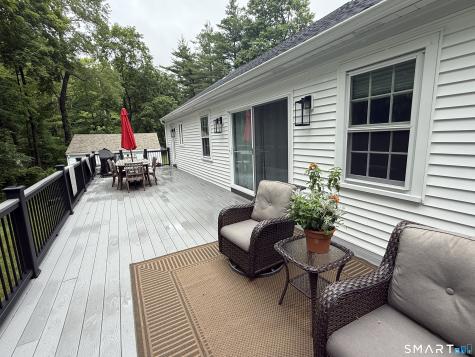 29 Milton Road Litchfield CT 06759
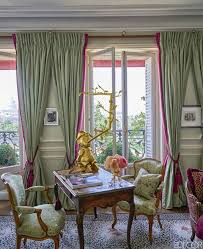Beautiful new range of romantic bedroom furniture. 20 Of The Most Stylish Rooms In Paris French Style Homes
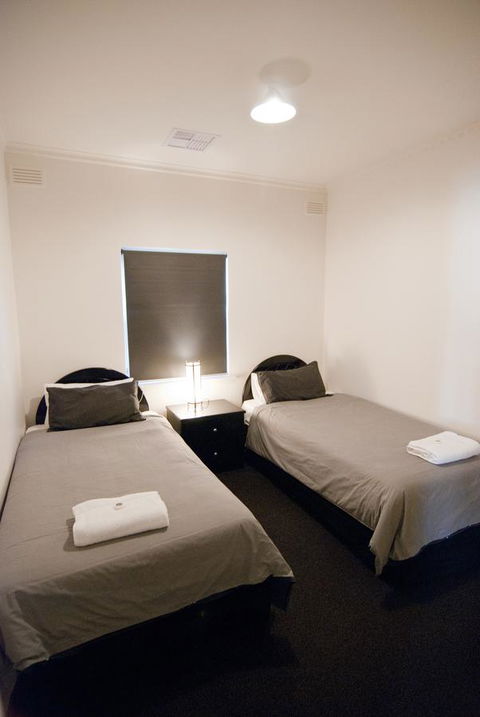 The Commodore - Accommodation Port Hedland 18
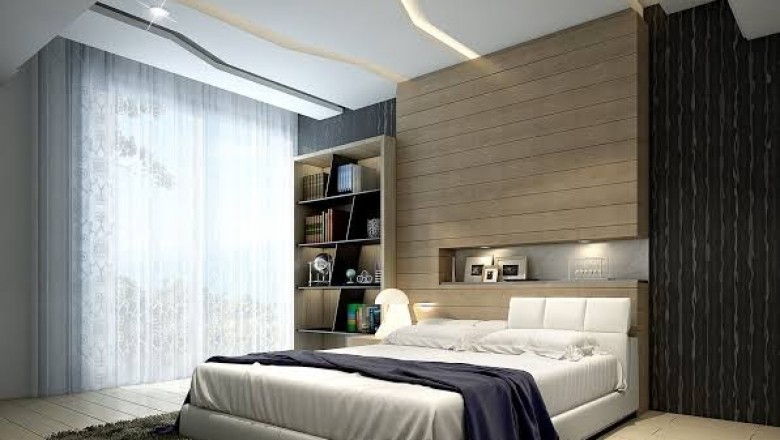 Interior Design Company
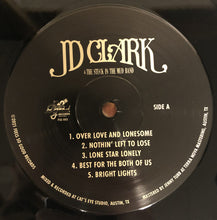 Load image into Gallery viewer, JD Clark &amp; The Stuck In The Mud Band : JD Clark &amp; The Stuck In The Mud Band (LP, Album)
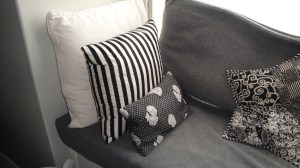 CUSHIONS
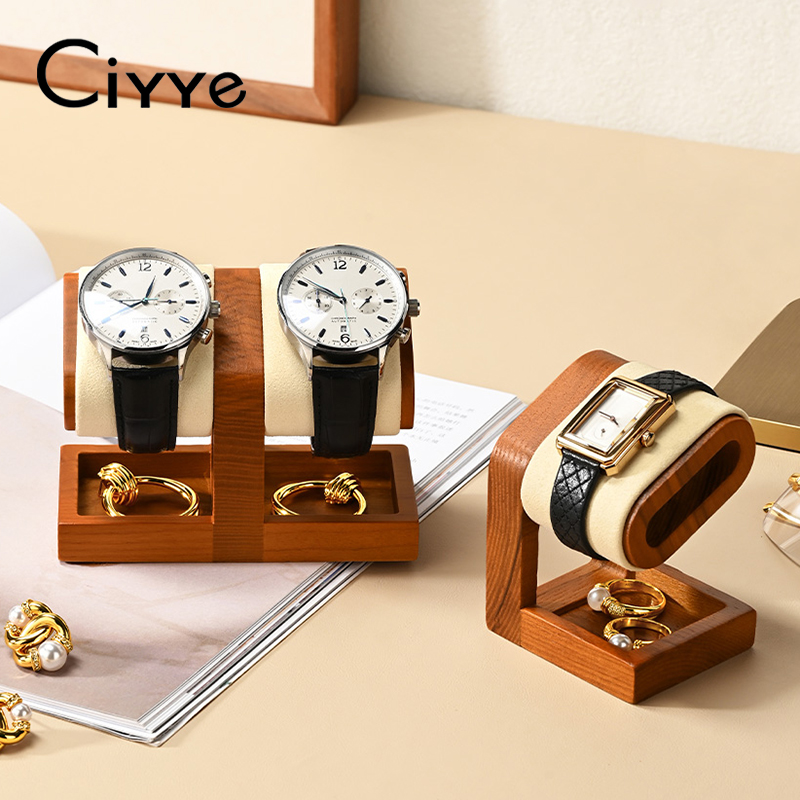 Jewelry Or Watches - Ciyye Watch Display Stand Jewelry Organizer
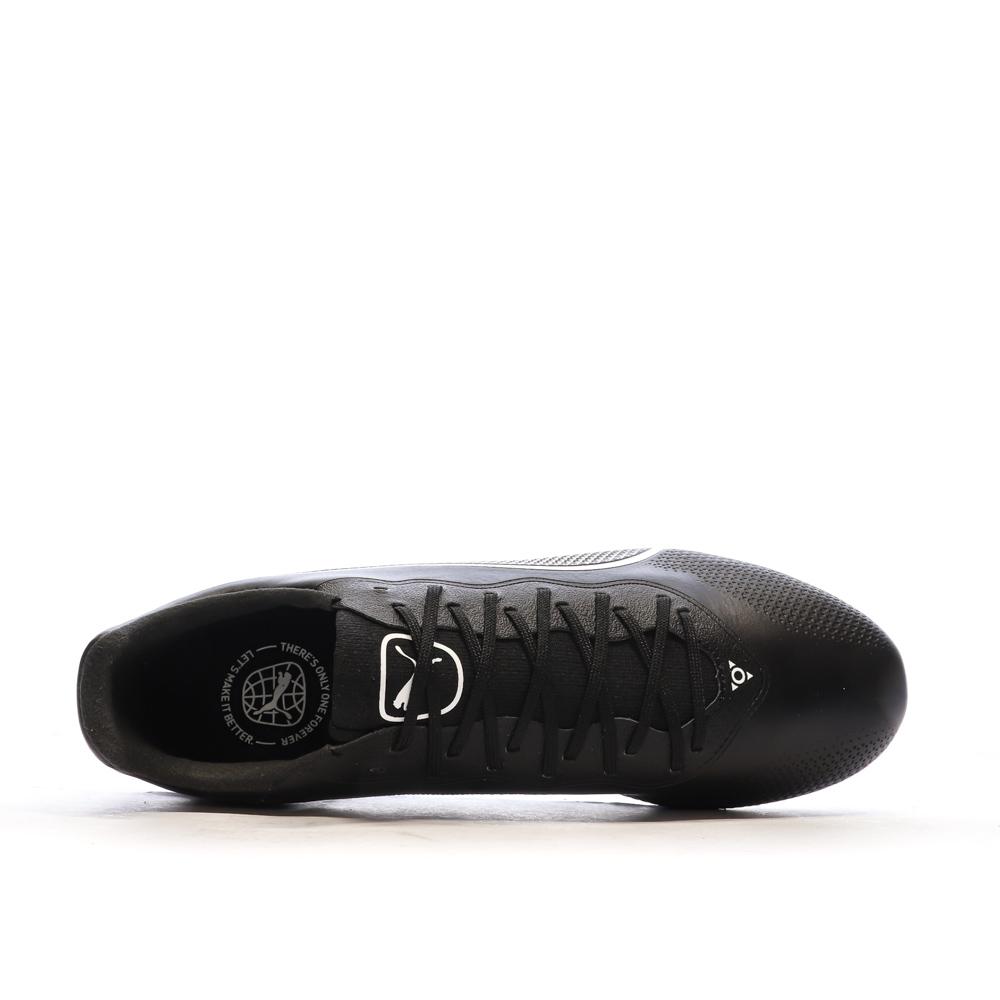 Black Puma Footwear King Pro FG/AG Photo of the Espace des Marques %store% store - view of %key%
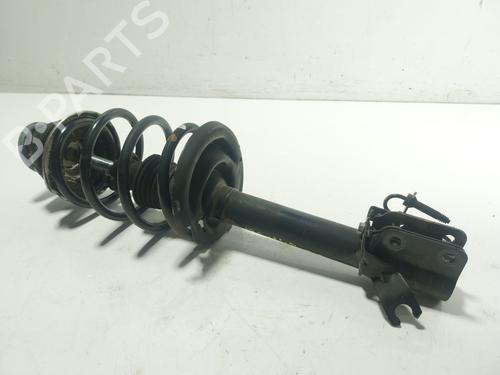 Left front shock absorber DACIA SANDERO II 1.5 dCi | BP24539810M16 - Image 2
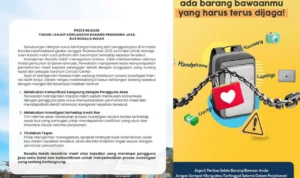 Klarifikasi PO Bus Rosalia Indah Dihujat Korban yang Geram Sejak Lama! Klarifikasi PO Bus Rosalia Indah Dihujat Korban yang Geram Sejak Lama!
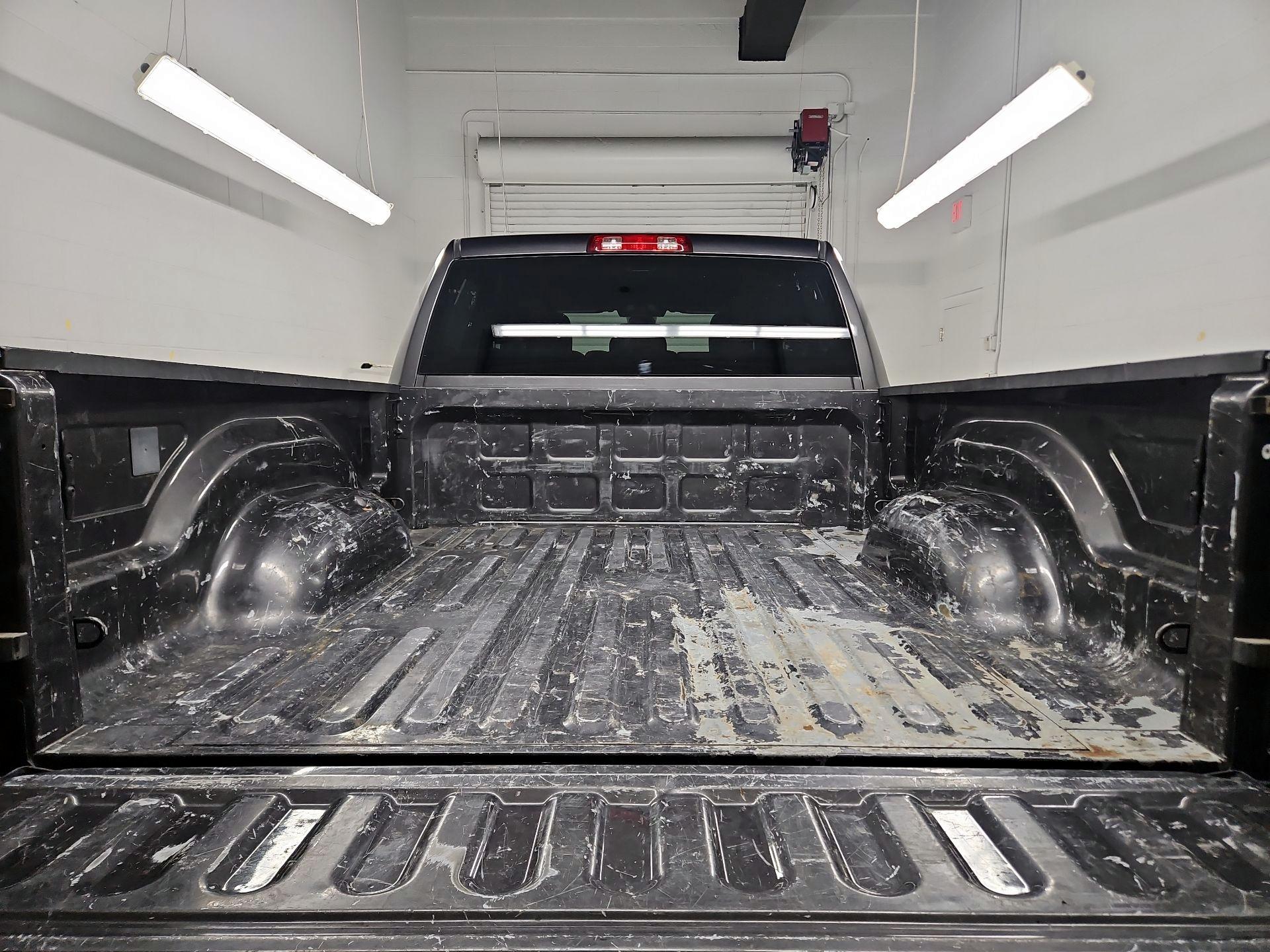 Thumbnail: 2024 RAM 2500 - 20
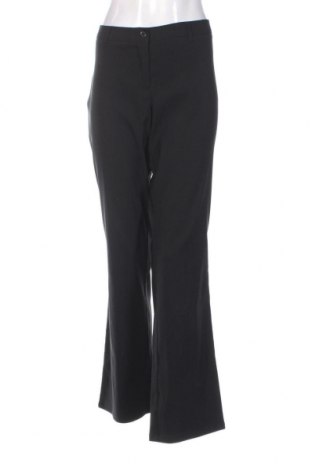 Дамски панталон Ajc, Размер XL, Цвят Черен, Цена 11,60 лв.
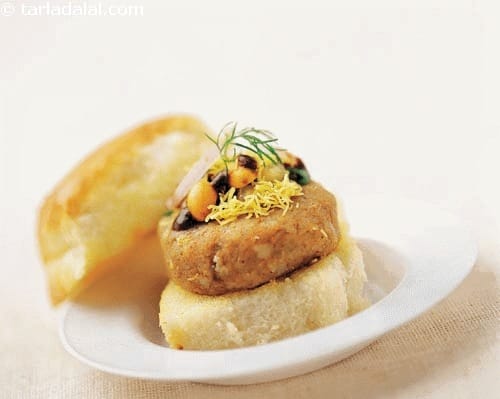 Dabeli | Tarla Dalal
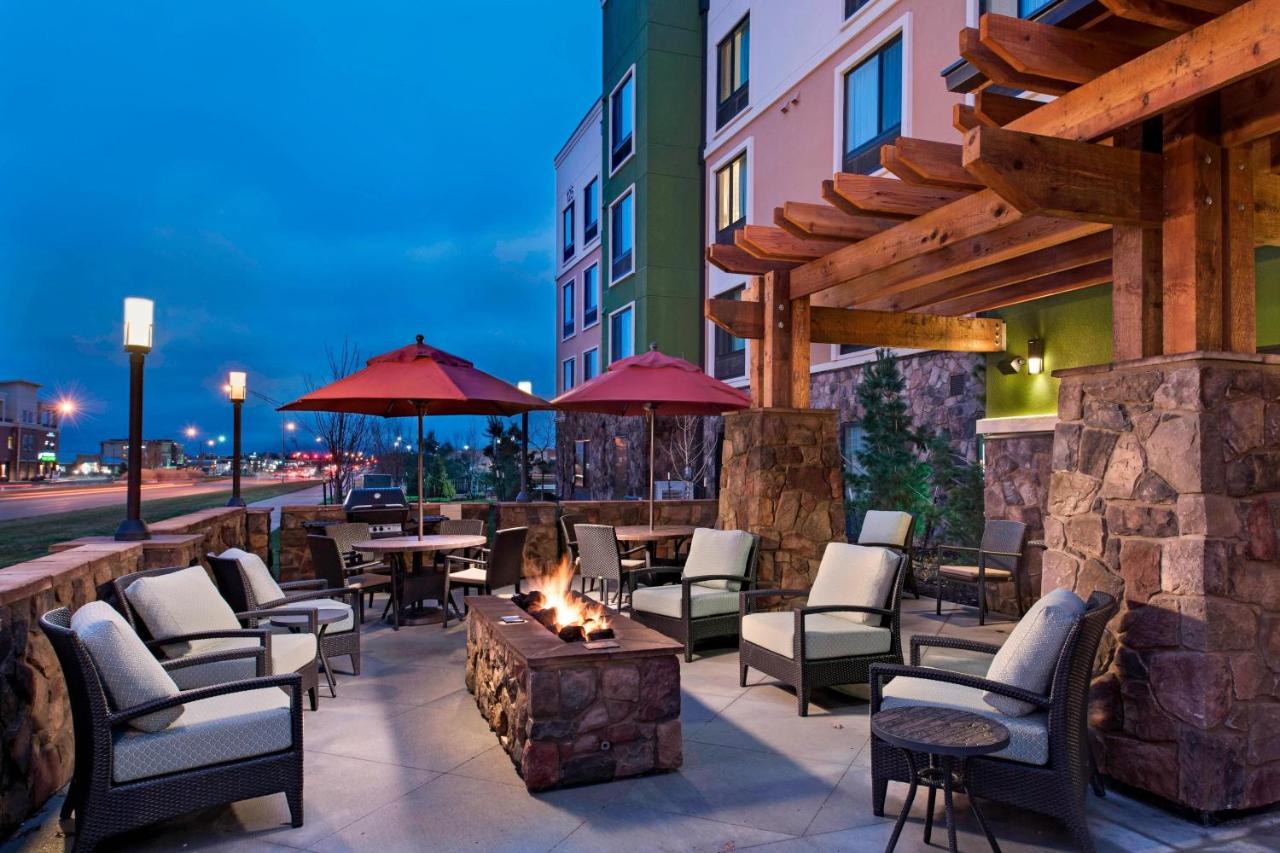 | TownePlace Suites by Marriott Des Moines West/Jordan Creek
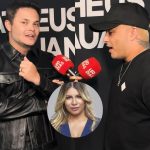 Matheus & Kauan celebram lançamento de faixa inédita de Marília Mendonça: “Legado”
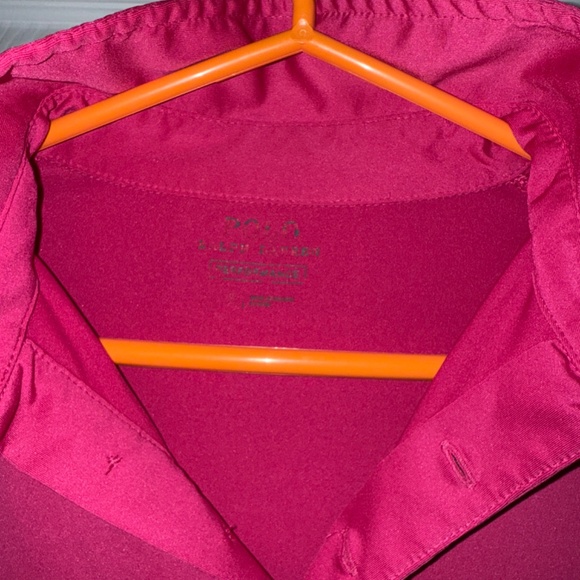 MENS POLO PERFORMANCE - Picture 2 of 3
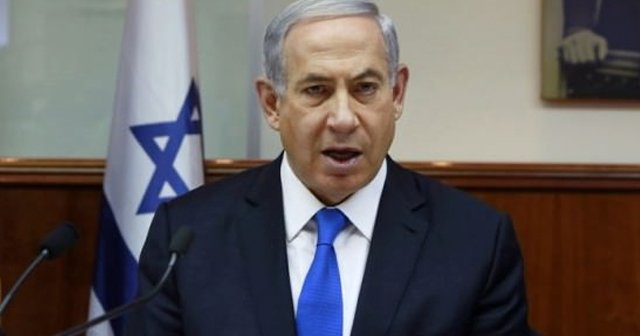 Başbakanlık için Netanyahu’yu önerdi!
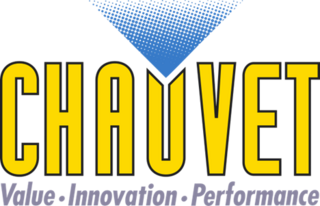 chauvet company logo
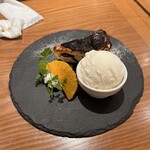 銀座びいどろ 池袋店 - 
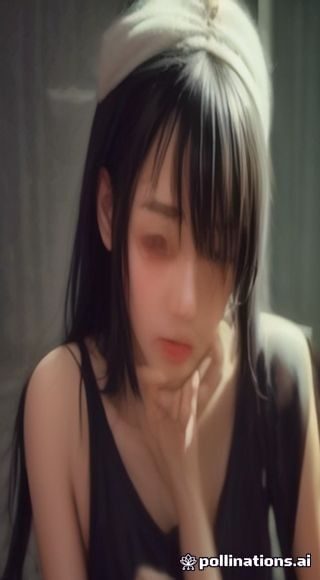 蜜桃影视App手机端界面截图，砖红奶油配色的首页展示热门影片推荐卡片与底部导航栏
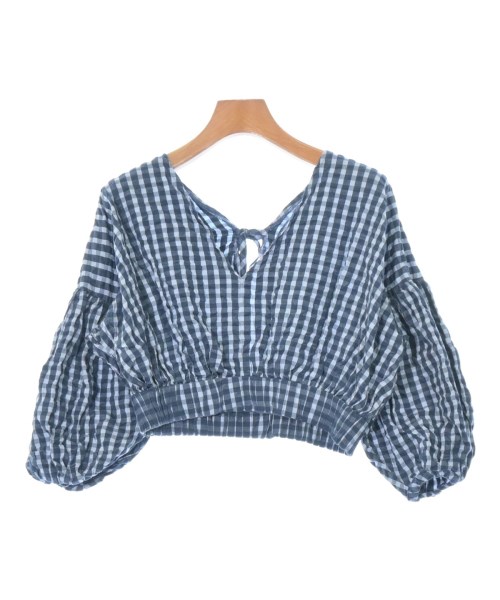 ヘザー(Heather)のHeather カジュアルシャツ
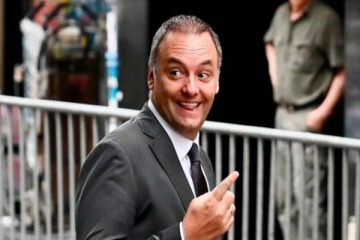 Foto de Adorni celebró el libre comercio con EEUU: “Imaginen lo que alcanzaríamos si seguimos liberando la fuerza del sector privado”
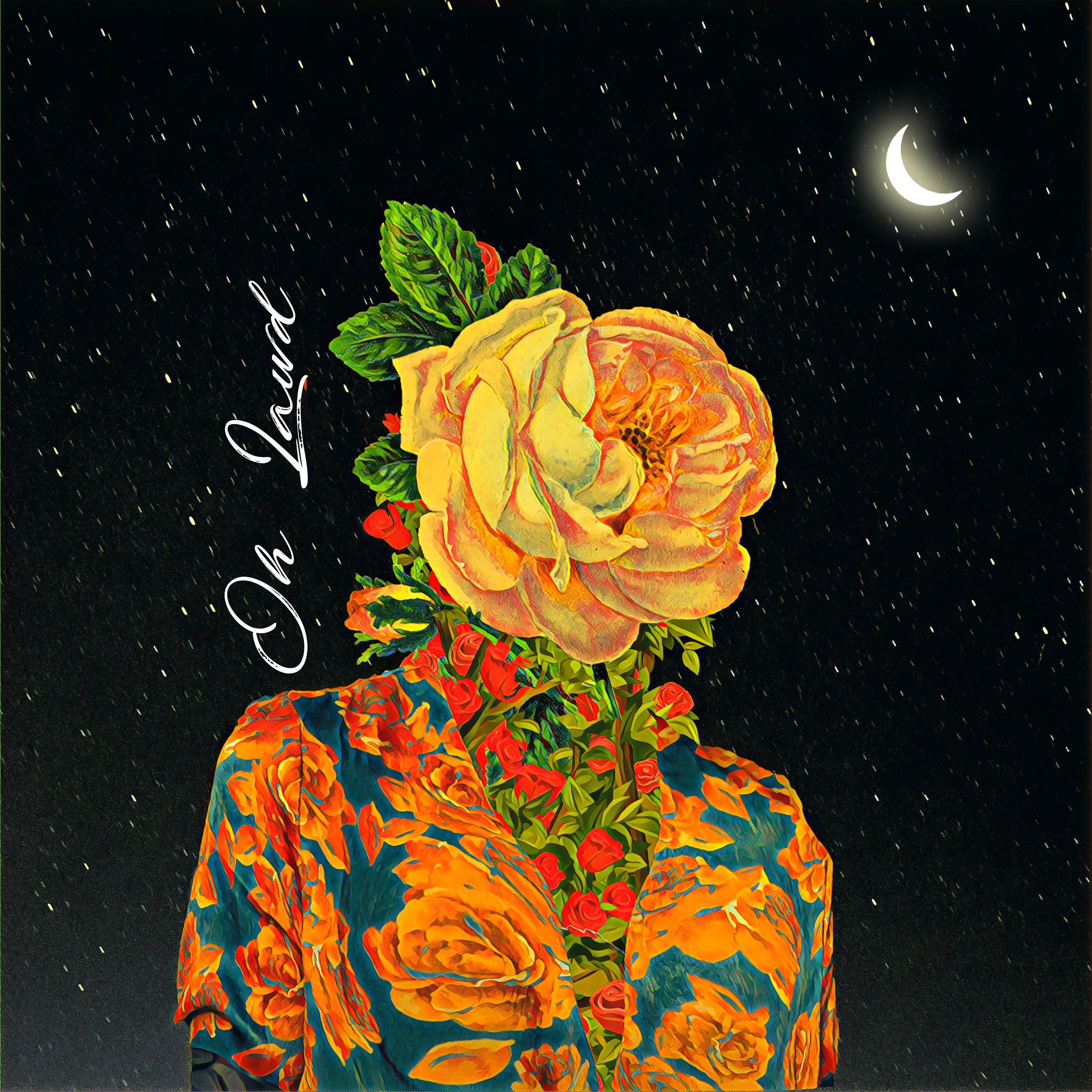 The Spiritual Elements in Honey’s New Single “Oh Lawd” is Compelling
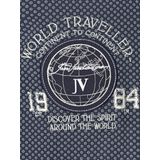 Jan Vanderstorm - RAIKO - Overhemd - Donkerblauw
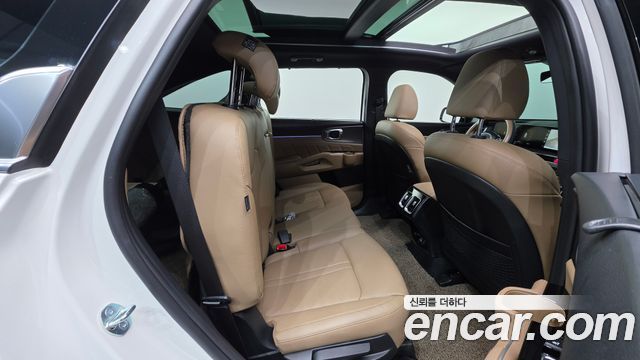 Kia Sorento 2025 — photo 32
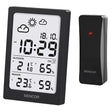 Sencor STATIE METEO WIRELESS SWS 2300 B SENCOR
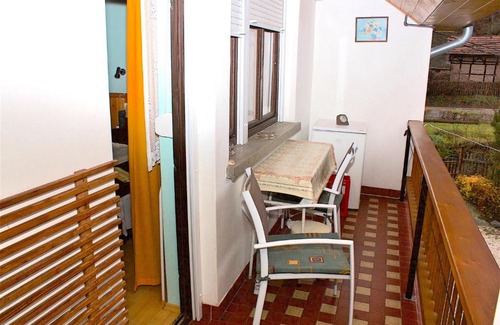 Szentendrei House | Pereszlényi Vendégház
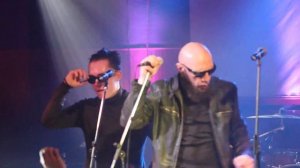 Лёд 9 - Русская идея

○ ○ ○

Required work → Copy out, exactly and without pictures, each line from the one containing "Kia Sorento 2025 — photo 32" through the final line of the entries, both ends included.

Answer space →
 Kia Sorento 2025 — photo 32
 Sencor STATIE METEO WIRELESS SWS 2300 B SENCOR
 Szentendrei House | Pereszlényi Vendégház
 Лёд 9 - Русская идея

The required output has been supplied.